Beat Cop’s setting steals the show. A pixel neighborhood block bustling with cars, cats, and people becomes your new home away from home as you fill the shoes of a detective recently dropped to the lower ranks of being a street cop after a sordid scandal. Storefronts with neon lights enthrall you. The city is alive. Criminals are everywhere. Tickets must be written.
But there’s nothing behind the buildings, it’s all just solid art direction and no follow-through. It reminds me of when you go to Universal Studios and you see all the backlots. You think they’re so pretty, but in reality, there’s nothing there. It’s an illusion of a bustling 1980’s neighborhood with none of the substance. Dialogue repeats itself constantly. Bland denizens walk down the street in a repetitive fashion, often the same exact model. Occasionally a cat patrols through the alley.
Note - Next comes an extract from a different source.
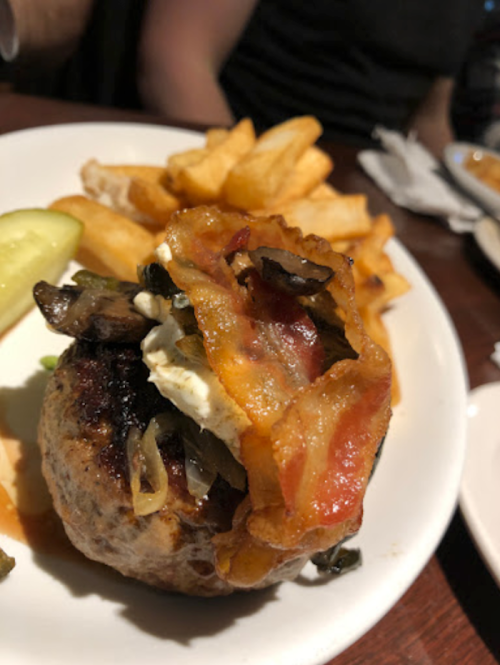 A close-up of a burger topped with bacon and vegetables, served with fries and a pickle on the side.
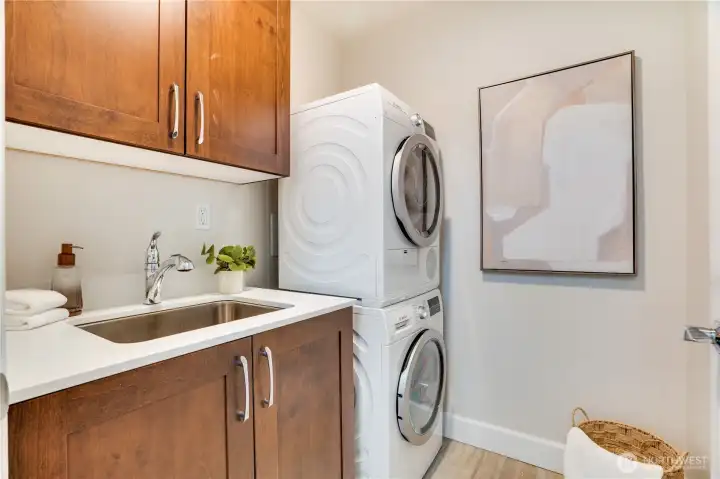 In unit laundry with utility sink and cabinet space.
All of this can be excused, however, by budgetary constraints. After all, it’s an indie game. But the problems with Beat Cop run deeper and by far the biggest one is that it doesn’t have good writing; worse, in games with repetitive controls and mechanics, writing is the vehicle that must propel the game forward. It falls on its face when it tries. Jokes are usually nothing more than tropes from 80’s action films, ranging from racism to incompetence–often riffing off another joke that wasn’t funny prior.
The thing is, when it comes down to it, the game is still charming. The setting feels so alive and the game is caught in the epoch. The mechanics, while rote, are enjoyable to hammer off in succession. It almost pulls it off. Perhaps that’s why it’s even harder to take when the writing flounders and gets caught in its bland, stale stereotypes and cliched plotlines. It could be the perfect parody, a humorous retrospective on a decade where urban life was louder and less sophisticated.
But as it stands, it’s just an illusion. And even the prettiest illusion will eventually remind you that it has no depth as you write out your tenth ticket of the day in a snapshot of old America, watching two identical NPCs say the same line within frames from each other.
A copy of the game was provided for review.